目录
- Yarn ResourceManager 莫名奇妙宕机
- 重启Yarn ResourceManager 报错1
- 重启Yarn ResourceManager 报错2
- 成功解决
Yarn ResourceManager 莫名奇妙宕机
接到同事反馈,说yarn RM 端口总是访问超时。但是查看日志,又没有发现任务蛛丝马迹,且RM服务是存活的。很有可能是RM服务已经假死了。
重启Yarn ResourceManager 报错1
The specific max attemts: 0 for application:24998 is invalid.because it is out of [1,2] ……
ApplicationNotFoundException: Application with id ‘application_1687657423545_009’ doesn’t exist in RM.Please check that the job submission was successful.
RM服务重启后,没多久,又自动宕机。反复重启好几次都是一样的情况。于是乎开始,认真排查问题的真实原因。
最后,再out的日志文件里,发现了一些有用的信息。
看到Out of Memory Error,这下总算是有些眉目了。内存溢出,那就调大RM 得JVM 内存。之前是2G,调大到3G,继续重启。
重启Yarn ResourceManager 报错2
这一次重启,和之前重启有了不一样的报错,这次是重启了一会之后,日志大量刷之前刷过的日志,然后过一小会就停了。
最终退出前打印以上日志,特意去搜索了下:GC overhead limit exceeded 相关资料。
java.lang.OutOfMemoryError: GC overhead limit exceeded错误。
oracle官方给出了这个错误产生的原因和解决方法:
Exception in thread thread_name: java.lang.OutOfMemoryError: GC Overhead limit
exceeded Cause: The detail message "GC overhead limit exceeded" indicates that
the garbage collector is running all the time and Java program is making very slow
progress. After a garbage collection, if the Java process is spending more than
approximately 98% of its time doing garbage collection and if it is recovering less
than 2% of the heap and has been doing so far the last 5 (compile time constant)

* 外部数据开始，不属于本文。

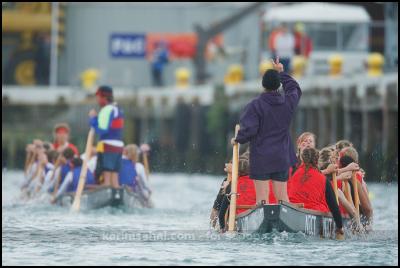 2009 NZCT
Wellington Dragon Boat Festival - Photograph by Karim Sahai
karimsahai.com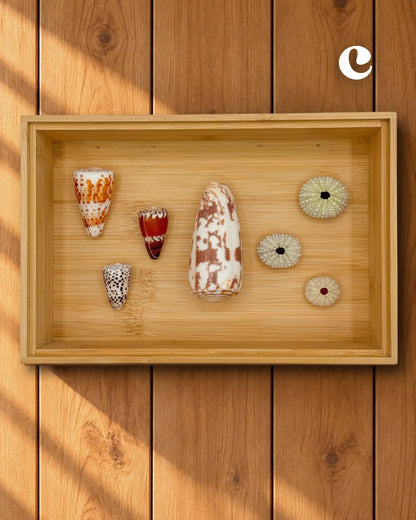 MELE O KE KAI WALL DECOR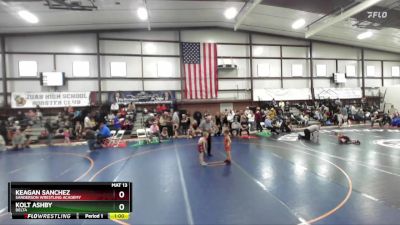 49 lbs Champ. Round 2 - Keagan Sanchez, Sanderson Wrestling Academy vs Kolt Ashby, Delta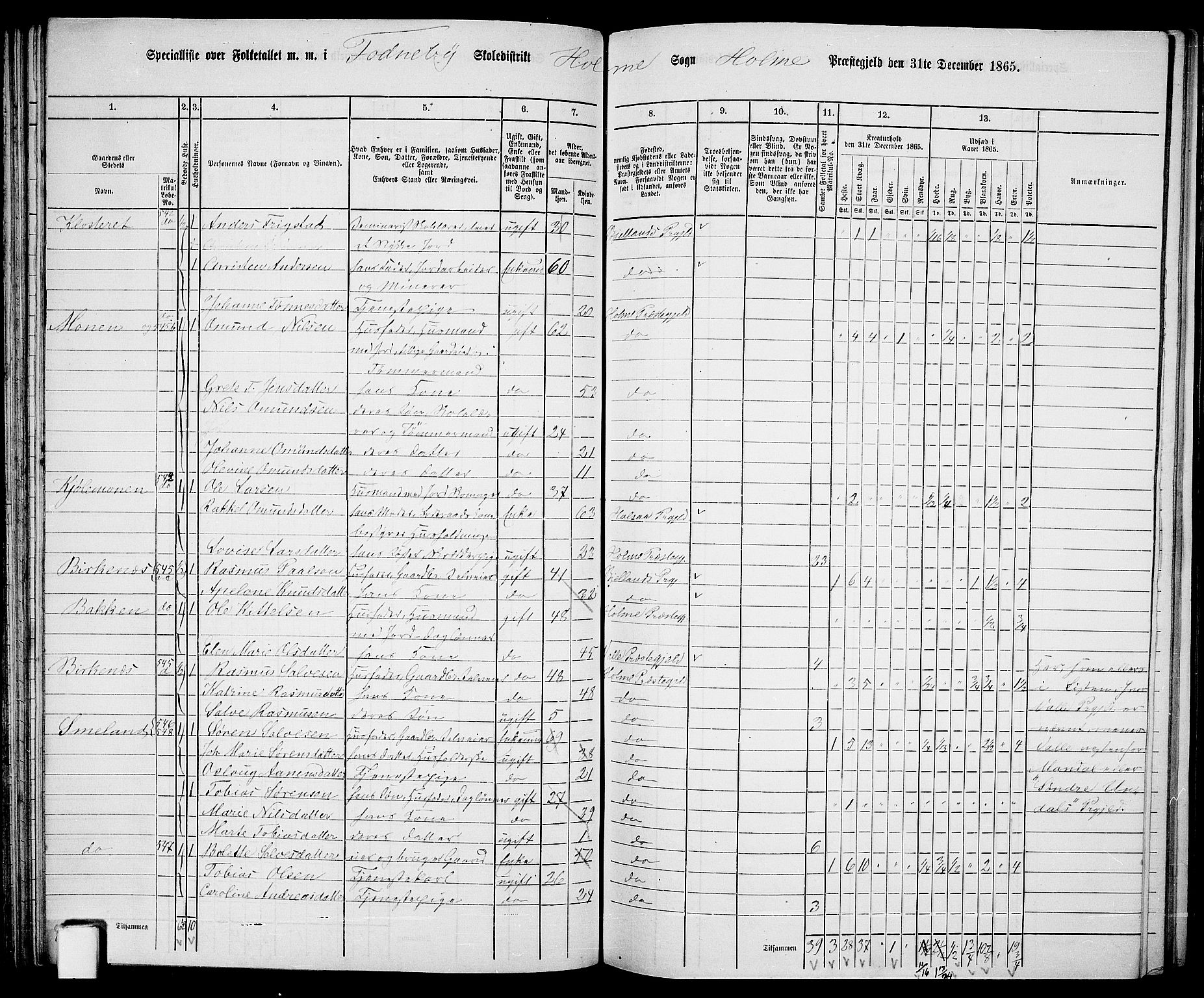 RA, 1865 census for Holum, 1865, p. 63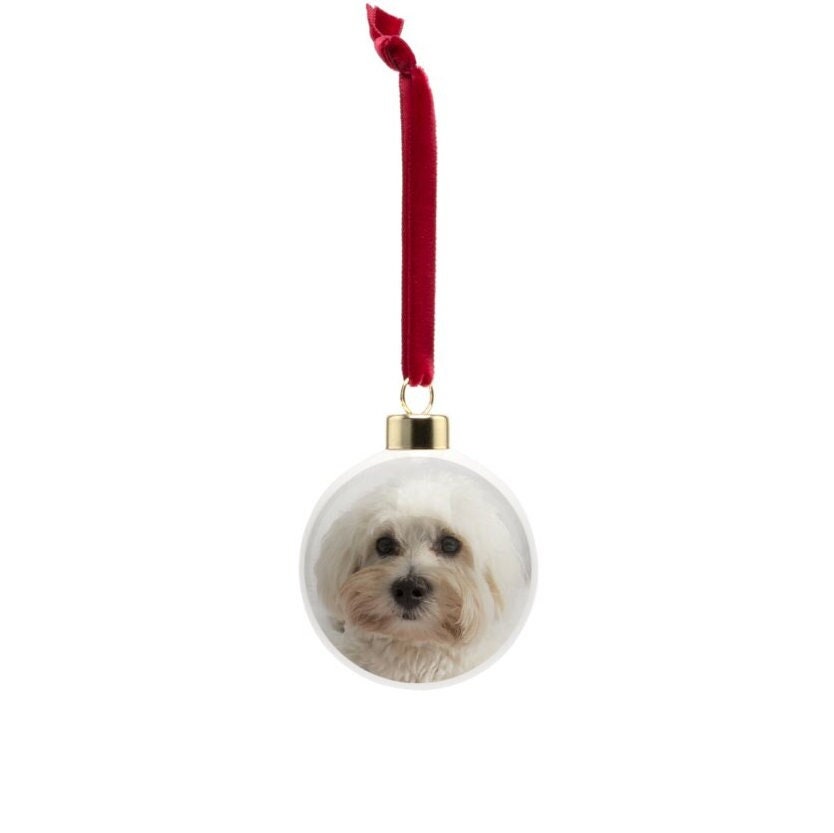 Malti-poo Christmas bauble, bone china, stylish dog design, 65mm diameter, dark red velvet ribbon, unique Christmas tree decoration.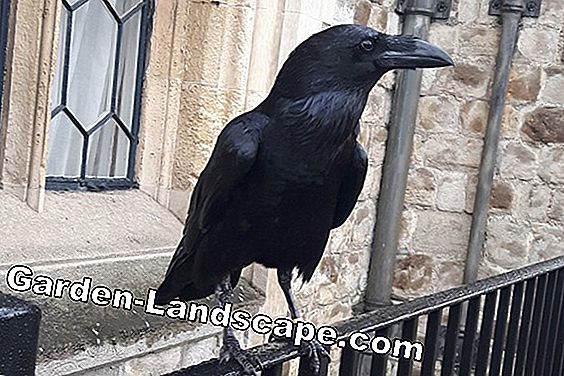 Exprow Crows: 11 consigli che aiutano a spaventare i corvi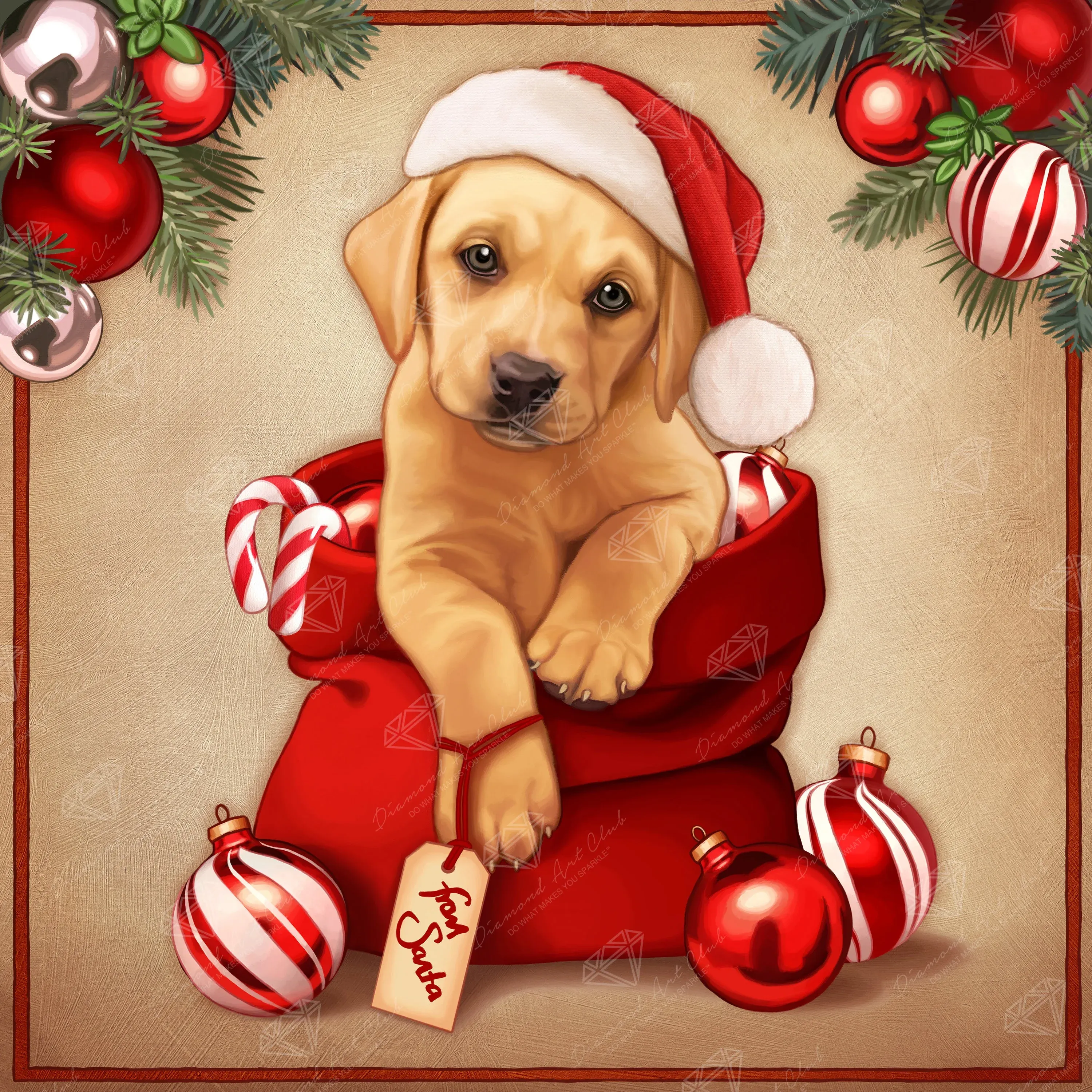 From Santa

consecutive garbage collections, then a java.lang.OutOfMemoryError is thrown.
This exception is typically thrown because the amount of live data barely fits into
the Java heap having little free space for new allocations.
Action: Increase the heap size. The java.lang.OutOfMemoryError exception for GC
Overhead limit exceeded can be turned off with the command line flag -XX:-
UseGCOverheadLimit.
原因:
JVM花费了大量时间做垃圾回收,使得程序变得很慢,垃圾回收器一直在运行,Java程序运行很慢。如果Java进程花费超过大约98%的时间用于垃圾收集,回收到的只有2%可用的内存,且过去的5次垃圾回收情况都是如此,连续的垃圾收集效率都很低,那就说明Java堆几乎没有可供新分配的可用空间。
调整:看来RM 的JVM 内存调大到3G还是不行,那就继续调大到4G。
成功解决
当RM的JVM 内存调大到4G后,再次重启RM,服务刷了一堆同样的错误和警告日志后,终于停下来了。也没有再次宕机,登录到application scheduler页面,将一些过期的application 手动查杀掉之后,再次提交任务,就正常处理了。